In March of this year, Grand Seiko unveiled the watches that will make its 2020 collection, also marking the 60th anniversary of the brand. Among them were some elegant and discreet watches paying tribute to the first-ever GS watch, a robust and high-end diver with a brand new Spring Drive movement and watches focussing on traditional decorative skills. And… there was the SLGH002. A watch that, at first, will appear as a rather classic piece, bearing all the usual features of the brand. Sharp but elegant, superbly finished and powered by an in-house movement. However, there is some more in this watch, which actually is the most important of all the models launched in 2020. And it has to do with its movement.

Preliminary note: the watch you see here is a prototype, with a movement that wasn’t entirely reflecting the reality of the decoration. For this reason, the photos of the movement are from our colleagues at Hodinkee.

Grand Seiko Elegance 60th Anniversary SLGH002 New Hi-Beat Calibre 9SA5

Grand Seiko Elegance 60th Anniversary SLGH002 New Hi-Beat Calibre 9SA5

The Grand Seiko Elegance 60th Anniversary SLGH002 is a watch that has far more to tell than what you’d expect at first. Visually, it belongs to the GS family, no doubt about it. It could have been just a new high-end, luxurious limited edition, superbly executed and powered by one of the brand’s in-house automatic or hand-wound calibres. And in a way, it does. But there’s more than meets the eye. The SLGH002 is actually a highly innovative watch, something that has been done in a very discreet, low-key way – the Japanese way… What’s important with this watch isn’t its immaculate gold case, its detail-packed dial or its apparently high price. What matters is the movement and in particular its innovative escapement. A field of research where Grand Seiko was probably not expected…

Grand Seiko Elegance 60th Anniversary SLGH002 New Hi-Beat Calibre 9SA5

Grand Seiko Elegance 60th Anniversary SLGH002 New Hi-Beat Calibre 9SA5

The basics of the escapement

The escapement is one of the most critical parts of a watch and could be seen as the heart of a watch. This small, fragile and hyper-active part of a watch – with the balance – defines/regulates at what speed the energy from the mainspring barrel is released. The mainspring, which stores the energy of the watch, is a strong device that only wants to unwind. Without the escapement, its power would draw immediately. The escapement controls this phenomenon.

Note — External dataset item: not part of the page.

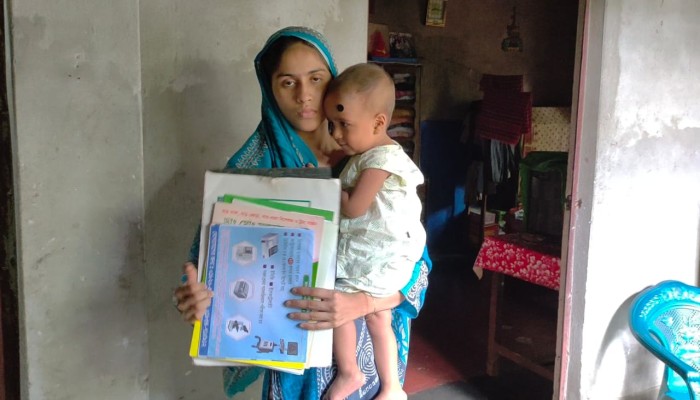 হার্টে ছিদ্র নিয়ে মৃত্যুর সাথে লড়ছে এক বছরের শিশু অয়ন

The escapement works in conjunction with the oscillator, giving impulses to power it. In return, it is regulated by the oscillator. Its role is critical in the ongoing search for the perfect precision, stability and durability of a movement. All in all, the couple oscillator/escapement (also known as the regulating organ) is what defines the time, by beating fractions of a second – usually 6 to 8 times a second.

Swiss Lever Escapement

Swiss Lever Escapement

The Swiss Lever Escapement, based on a concept invented by Mudge, in the mid-1700s and still in use in most mechanical watches today.

The role of the escapement, composed of an escape wheel, a pallet and a roller, is to transfer the rotary motion of the escape wheel into a back and forth lateral motion of the pallet, giving an impulse to the balance wheel. The pallet fork locks and unlocks with the escape wheel at each vibration of the balance wheel. The escapement controls the release of power from the mainspring, which in return is regulated by the pendular motion of the balance/hairspring couple. In short, the escapement is part that is involved in both the chronometry and the kinetic chain.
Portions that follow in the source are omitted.